Bersani e Renzi, obiettivi opposti

Pier Luigi-Bersani torna ricorrentemente a parlare del «nuovo Ulivo». Intanto, Matteo Renzi, sindaco di Firenze e modello dei rottamatori, rimpasta la propria giunta cacciandone l'unica assessora del Psi per sostituirla con una democratica, ex comunista passata attraverso Pds e Ds. Non solo: continua a tenerne fuori i dipietristi.
Per le prossime elezioni politiche il segretario del Pd punta su un'alleanza con forze schierate a sinistra, dall'Idv a Sel, probabilmente con un occhio pure a minori formazioni, dai radicali ai socia-listi. A spulciare un sondaggio divulgato ieri (Demopolis, ma anche altre ricerche forniscono risultati non molto lontani) il centro-destra (Pdl e Lega, più la Destra di Francesco Storace e altri minori) starebbero sotto il 40%, laddove Pd, Idv e Sel sarebbero intorno al 42%, con una riserva di oltre il 3% di altri raggruppamenti.

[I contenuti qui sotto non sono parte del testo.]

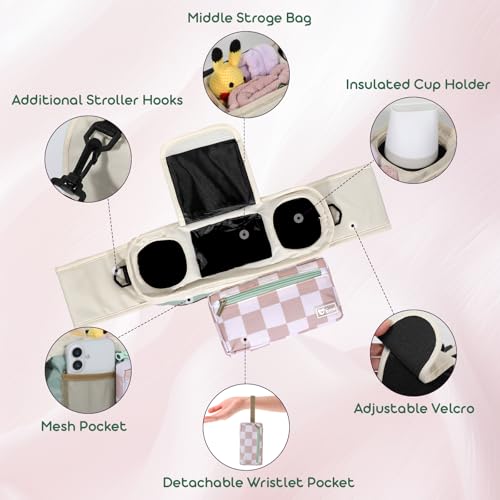 ERRUI Universal Stroller Organizer with Insulated Cup Holders and Detachable Phone Bag,Stroller Caddy Fits for Stroller Accessories like Uppababy, Baby Jogger, Doona, Nuna Stroller (Green Square grid)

Dunque, la strada per vincere passerebbe attraverso la ricostituzione dell'antica alleanza che segnò il successo di Romano Prodi. Del resto, è il percorso scelto in larga misura nelle elezioni regionali e amministrative. Quanto alle difficoltà che potrebbero sorgere, ripetendo il fallimento del 2006 (vittoria alle urne, sconfitta politica nel governare), o sono rinviate di fronte all'esigenza primaria di ottenere comunque una maggioranza o vengono limitate con l'esclusione dalla futura alleanza dell'estrema dichiaratamente comunista. Ben altro il comportamento del sindaco di Firenze. Il segretario del Psi, Riccardo Nencini (fra l'altro assessore alla regione Toscasna), se l'è presa non poco, come si capisce dalle sdegnate espressioni: «L'unica città in Italia dove un novello Duca di Atene ha nominato una giunta monocolore. Non un monocolore di partito ma un monocolore di un pezzetto di un partito, tanto somigliante ai governi balneari Fanfani». Verissimo, posto che il sindaco ha escluso dalla giunta pure un pezzo di Pd a lui ostile. Quel che preme rilevare, però, è l'atteggiamento politico non del primo cittadino, bensì dell'esponente democratico, del quale si fa il nome sovente come potenziale candidato alla segreteria del partito.
Renzi indica una scelta che va ben oltre quanto volle Walter Veltroni nel 2008: il Pd che corre in beata solitudine, unica beatitudine, perfino senza l'Idv, oltre che senza una piccola formazione come il Psi. Difficile sceverare quel che di contingente e di limitato a Palazzo Vecchio vi sia in simili decisioni, e quel che, invece, sia leggibile in prospettiva nazionale. Un fatto è sicuro: le posizioni di Renzi continuano a confliggere con le tesi di Bersani.